Pesano ancora incognite sulla campagna di trasformazione del pomodoro 2019 che è partita in ritardo di circa 10 giorni al Sud per via dei cambiamenti climatici e che sarà sicuramente più lunga del solito, fino ad arrivare a tutto il mese di settembre e in parte di ottobre.
“Come sarà il raccolto potremmo capirlo solo a settembre, un mese che sarà decisivo per la produzione e per la qualità. Gli ettari ci sono, i contratti anche, ma nessuno può ad oggi prevedere quanto prodotto sarà raccolto”, ha detto Maurizio Gardini, presidente di Conserve Italia.
“La filiera del pomodoro da industria, il cui giro di affari è superiore ai 3 miliardi di euro, è una delle più importanti per il comparto agroalimentare”, ha proseguito il presidente del consorzio bolognese, uno dei primi player italiani e mondiali di pomodoro con una media di 400.000 tonnellate lavorate. “Non tutti sanno che il nostro Paese, oltre ad essere il secondo produttore dopo la California, è anche leader nelle esportazioni di polpe e pelati, con una quota pari al 70% di tutto il commercio mondiale”.
Ma ci sono ancora dei margini di crescita, secondo Gardini. “È una filiera che però a mio avviso può ancora crescere in valore e prestigio, puntando sull’innovazione e su una crescente attenzione all’ambiente”.
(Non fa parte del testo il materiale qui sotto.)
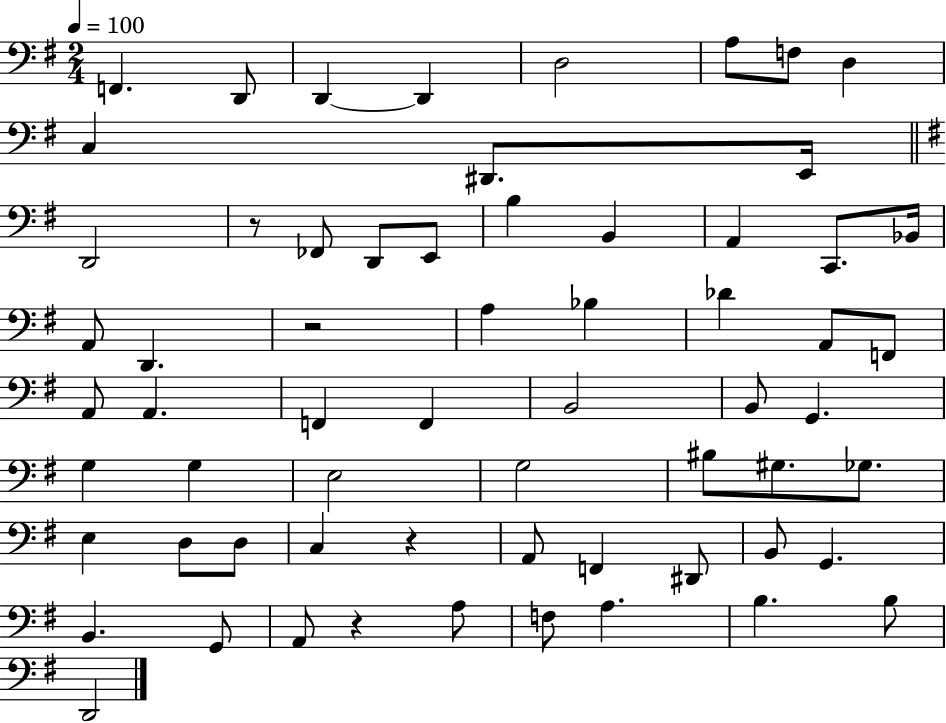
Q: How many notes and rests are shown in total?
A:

Aspetti strategici, poi, sono anche la trasparenza e la legalità, specialmente al Sud dove viene utilizzata maggiore manodopera.
“Se in tutto il bacino del nord Italia la raccolta del pomodoro avviene esclusivamente ormai in maniera meccanizzata – ha osservato Gardini – al Sud è ancora diffusa la raccolta manuale, anche se è crescente l’impegno delle aziende a ridurne la pratica. Per quanto riguarda Conserve Italia, solo una percentuale pari al 2% di tutto il pomodoro lavorato è ancora raccolta manualmente, in particolare in quei terreni sassosi in cui non è possibile azionare le macchine oppure in quelle aziende agricole che dispongono di numerosi operai regolarmente assunti per la raccolta di altre produzioni”.